Les pauvres ne voteraient pas ou mal ? Faux !

Au lendemain de ce calamiteux scrutin des élections Européennes 2014, voilà revenu le temps des analyses des votes ciblant à nouveau ceux qui n’ont guère la parole : les personnes pauvres. Les commentaires sont accablants. Ce serait : « dans les secteurs les plus défavorisés où se concentrent chômage, précarité, immigration, pauvreté que les partis d’extrême droite font leur meilleur score… » (dixit les médias). Non seulement les pauvres voteraient peu… mais ils voteraient mal.

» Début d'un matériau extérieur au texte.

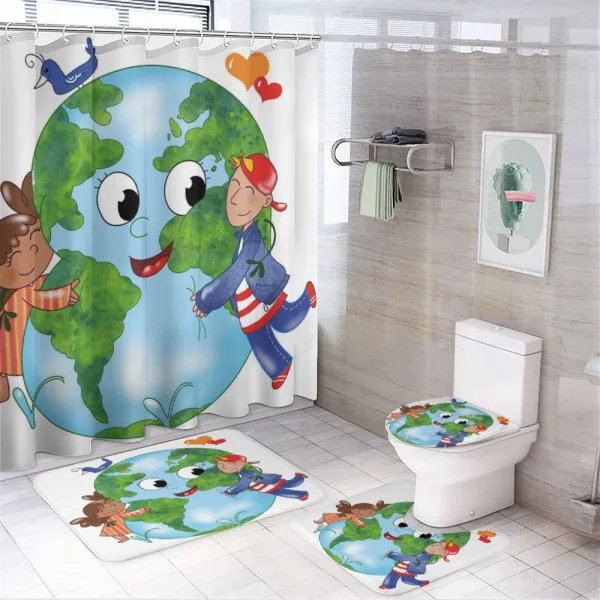 Kids Hugging Planet on a shower curtain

Qu’ils votent peu n’est sans doute pas inexact. Quand on est dans la survie… la vie électorale peut sembler être un objet lointain. Pour certains, c’est aussi un problème pratique. Comment être inscrit sur une liste électorale si on n’a pas d’adresse ? Comment être informé si on n’a pas d’emploi ? Une maman confiait : « pourquoi irai-je voter alors qu’on a placé mes enfants et qu’on me juge incapable des les éduquer ? » Ajoutons un autre critère qui est loin d’être réglé en France : si je suis étranger je n’ai pas le droit de vote.

Ces exemples confirment une règle, celle de l’indivisibilité des droits de l’homme : si on n’a pas de logement, pas d’emploi, il est bien difficile d’exercer son droit de citoyen. L’Europe sur ce point là aussi a encore du chemin à parcourir.

Voter pour les « extrêmes » serait un vote de « désespérance ». C’est un point de vue formulé par des politologues.

Dans la réalité, selon des questionnaires ciblés, ce ne serait pas tout à fait exact.

Ceux qui votent le plus aux extrêmes seraient ceux qui auraient un bien… à protéger. Et donc voteraient par peur de le perdre.

Quand on n’a rien : on n’a pas ce type d’angoisse ! Le vrai problème de la participation des personnes très pauvres au vote est à la fois technique et civique, arbitraire.

Technique : un père de famille habitant dans un camping aux Pays Bas confiait récemment, quand on est expulsé on n’a plus d’adresse. On n’a plus de droit de vote. On est étranger dans son propre pays.

Civique : quand on n’est pas informé on ne peut s’exprimer. Nombre de personnes qui vivent hors du temps, qui n’ont pas de chez eux ne sont pas « civiquement » associés à la marche d’un pays. La pauvreté vous exclut de la démocratie. Mais il faut lors s’interroger –avec Geneviève De Gaulle Anthonioz – : qu’est ce qu’une démocratie qui ignore les plus faible, les plus fragiles, les plus pauvres ?

L’arbitraire ? C’est de refuser le droit de vote à un habitant d’un pays qui n’en a pas la nationalité même s’il y vit depuis trente ans. L’arbitraire, c’est aussi en définitive un comportement institutionnel qui ignore et exclut une partie des ressortissants de ce pays de ses scrutins pour raisons économiques ou sociales. C’est là en réalité un vrai scrutin « censitaire » qui ne dit pas son nom.